Coloring the bricks in breakout

Question

I used the following formula to create the colors for the different rows in breakout. But I find myself repeating the if function 5 times to get 5 different colors. I was wondering if there is a more efficient way to do this without using so many if functions?

    for (int j = 0; j < COLS; j++)
    {
        brick = newGRect(6 + (brickwd + brickspc) * j, 40 + (brickht + brickspc) * i, brickwd, brickht);
        setFilled(brick, true);
        add(window, brick);
        if (i == 0)
        {
            setColor(brick, "black");
        }
        else if (i == 1)
        {
            setColor(brick, "red");
        }
        else if (i ==2)
        {
            setColor(brick, "orange");
        }
        else if (i == 3)
        {
            setColor(brick, "green");
        }
        else
        {
            setColor(brick, "blue");
        }   
    }

Answer 1

Yes. Usually there's a better approach to do something specially when you find yourself repeating code or checking every possible case manually to do something different in each situation.

I prefer the idea of storing all the color names I want in an array of strings, specify the size of that array and maybe hard-code it (you can calculate it either) and sense the changing the color of a brick mainly depends on i, I would do something like

setColor(myColors[i % arrayLength], brick);

where myColors is the array of strings that contains the color names, arrayLength is the length of the array (and I'm taking the remainder of dividing i by this length to ensure that my index is always valid) and brick is the brick that you're setting its color.

Answer 2

Definitely, your if series must be improved.

I did it similarly to the @Kareem's approach.
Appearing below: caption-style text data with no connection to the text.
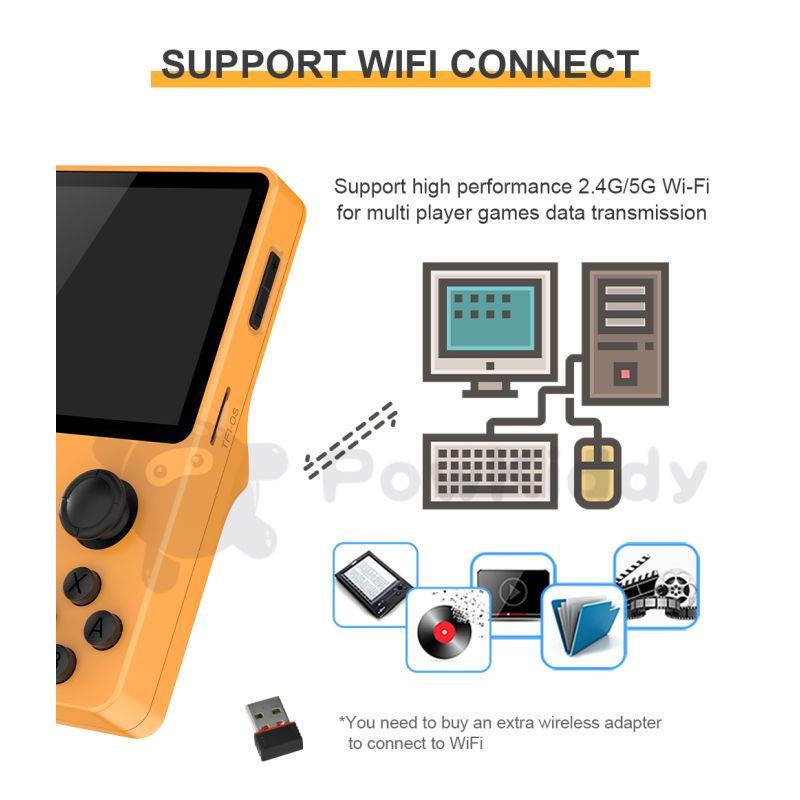 POWKIDDY RGB20S console portable rétro-gaming écran IPS 3.5 pouces système open source cadeau pour enfants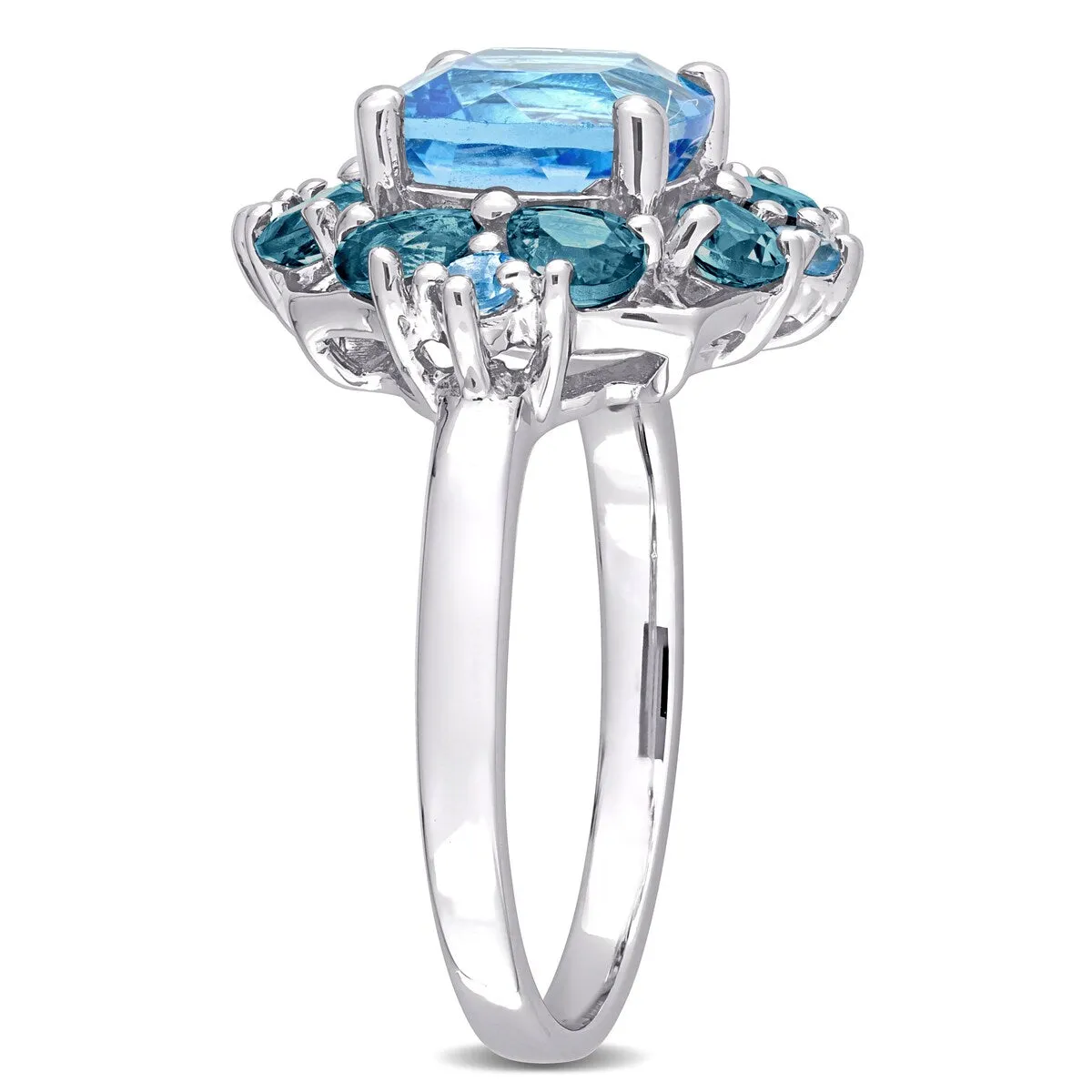 Miadora Sterling Silver 4 1/10ct TGW Swiss-Blue Topaz Floral Halo Cocktail Ring sold by Zulily product image thumbnail 4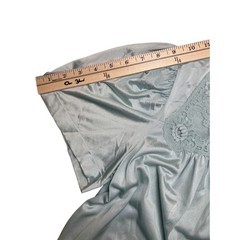 Lorraine Vintage Light Blue Lace Button Front Nightgown Housecoat Short Sleeve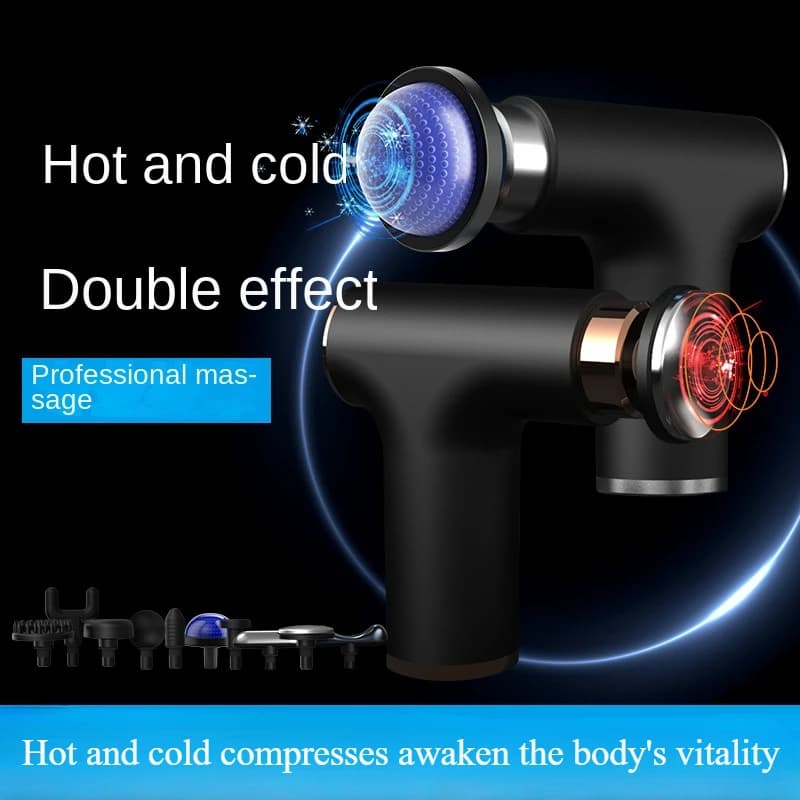 New Powerful Electric Percussion Mini Massage Gun Warm And Cold Muscle Relaxation Home Portable Gym Use Gun Massage Sponge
I also made an array of colours with the length of the number of rows. Then in the same loop where the brick rows instantiated, I add colour feature to each brick.

Answer 3

This is just a thought, because I feel the answers so far have been somewhat more difficult than my solution. They are probably cleaner but I was thinking along simple lines...

Thanks though to Kareem, I figured this out because you mentioned break.

I used switch/case, similar to your ifs but cleaner looking, no arrays. Mine didn't work either. But I saw an example online for cases and after each case it used break. I just added a break to each case....

    switch(i) //this instantiates but the coloring doesnt work. need a new set of rectangles for each line to set each individual color.
    {
        case 0: setColor(brick, "RED");
            break;
        case 1: setColor(brick, "ORANGE");
            break;
        case 2: setColor(brick, "YELLOW");
            break;
        case 3: setColor(brick, "GREEN");
            break;
        case 4: setColor(brick, "BLUE");
            break;

When I didn't add the breaks, ALL the bricks were the LAST color. The break kept each case from changing all the bricks' colors each time.

Not as fancy as an array but I guess the point is, breaks were needed to get this to instantiate like the CS50 example.